Professor McCallum's research interests cluster around questions of moral and ethical judgment in American history. His current book project “Democratic Violence and the Transformation of Moral Sentiments in the ‘Good War,’” examines the popular embrace of a vernacular “realism” in the World War II years that could encompass stunning new forms of international violence alongside a growing commitment to democracy, human rights, racial liberalism, and the end of empire. The book rejects a durable tradition—in both critical and popular writing—that treats the politics of war as basically undemocratic, and the American public as essentially cloistered from the realities of total war by distance, censorship, and elite manipulation. To the contrary, World War II Americans encountered the horrors of modern conflict in strikingly intimate detail. The pro-war consensus of the 1940s was anything but superficial, and a fuller picture of this period is necessary to make sense of the Cold War democracy of the ensuing decades.
At the University of Chicago, Professor McCallum's teaching has included the following courses:
- War, Law, Norms: Violence and its Limits
- Writing History: Methods of Narrative Analysis and Persuasion
- Historical Methods
- History and Social Scientific Explanation
- Crises in American Democracy
- Watergate and American Democracy
- Human Rights II: History and Human Rights
- Turning Right?

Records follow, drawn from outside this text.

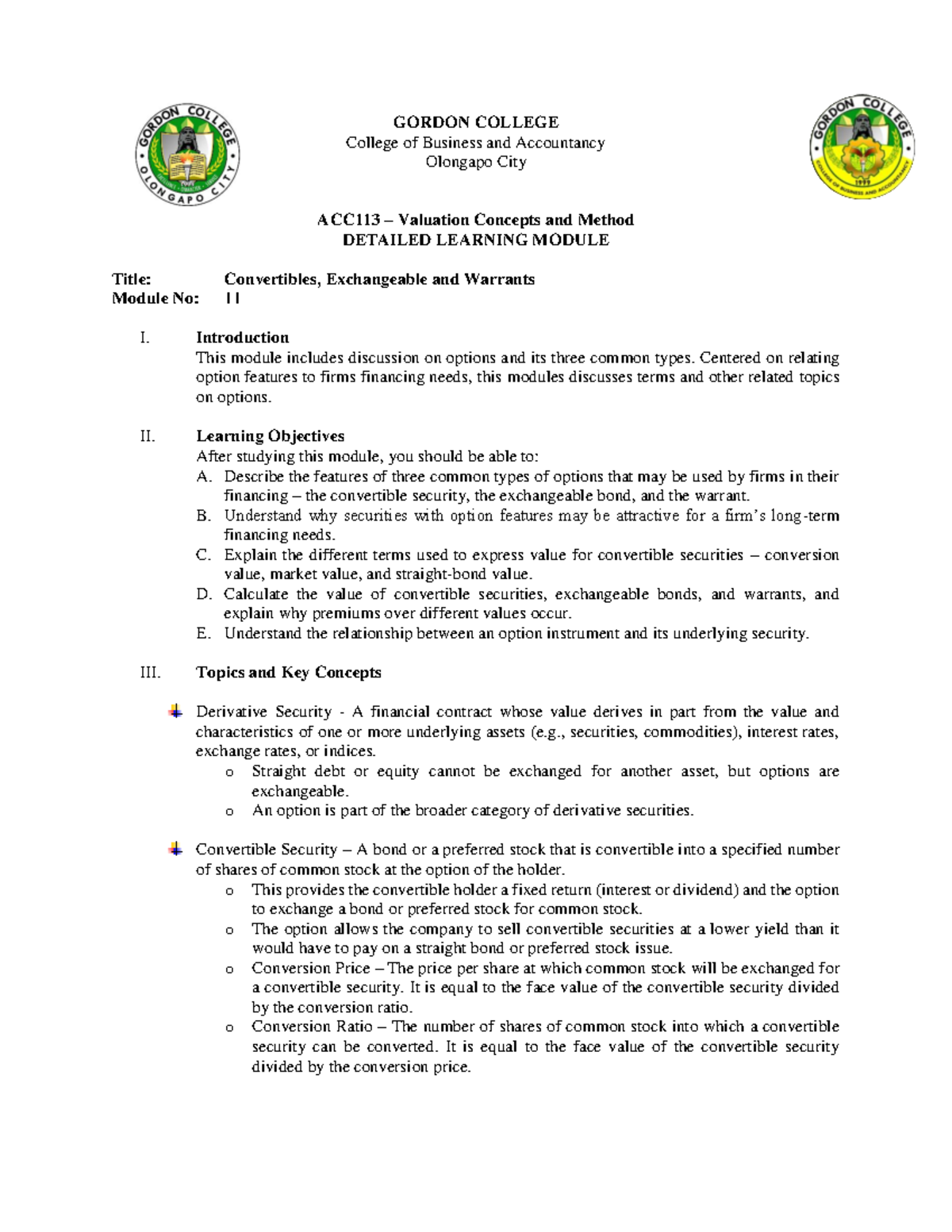 488716974 Valuation Concepts Module 12 Pdf Gordon College College Of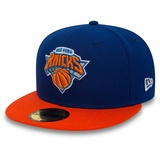 New Era Baseball Cap Mütze NBA Basic New York Knicks 59 Fifty Fitted, Blue/Orange, 7 1/4, 10861621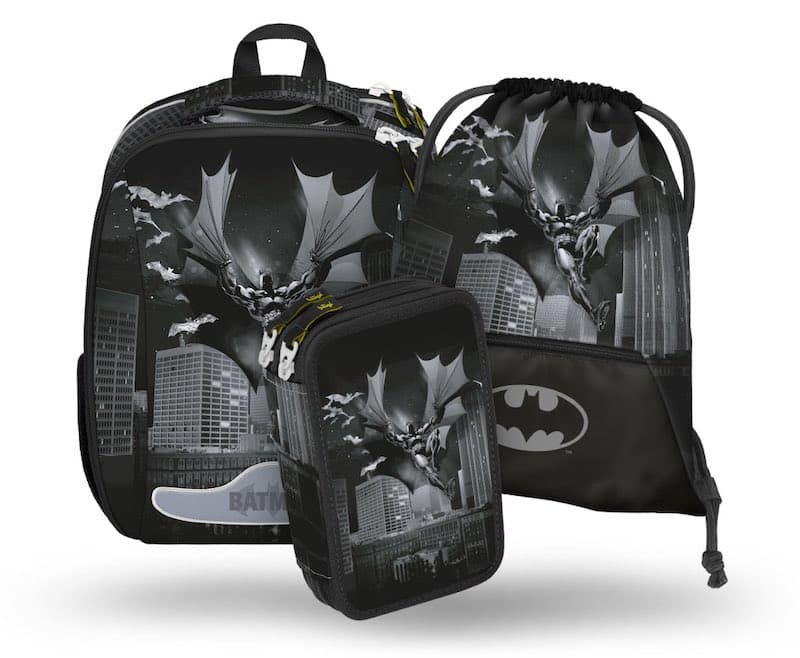 Školní aktovka v setu pro prvňáčky Baagl Shelly Batman Dark City - 3 díly
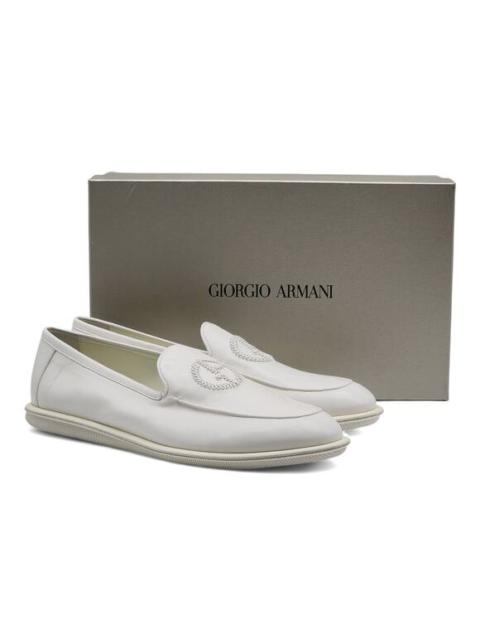GIORGIO ARMANI Giorgio Armani Vintage Nappa Leather Loafers with Embroidered Logo White $1150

Conservative Politics in a Long Twentieth Century
- America in World Civilization, colonial period and twentieth century
Recent Research / Recent Publications
“U.S. Censorship, Violence, and Moral Judgement in a Wartime Democracy, 1941–1945,” Diplomatic History, Volume 41, Issue 3, June 2017, Pages 543–566, https://doi.org/10.1093/dh/dhw058
“War and the Historical Sociology of Human Rights: Violent Entanglements,” Humanity: An International Journal of Human Rights, Humanitarianism, and Development 8, no. 3 (2017): 559-578. doi:10.1353/hum.2017.0041.
“World War II—A Historiographical Survey,” in The Routledge History of the Twentieth Century United States (2018).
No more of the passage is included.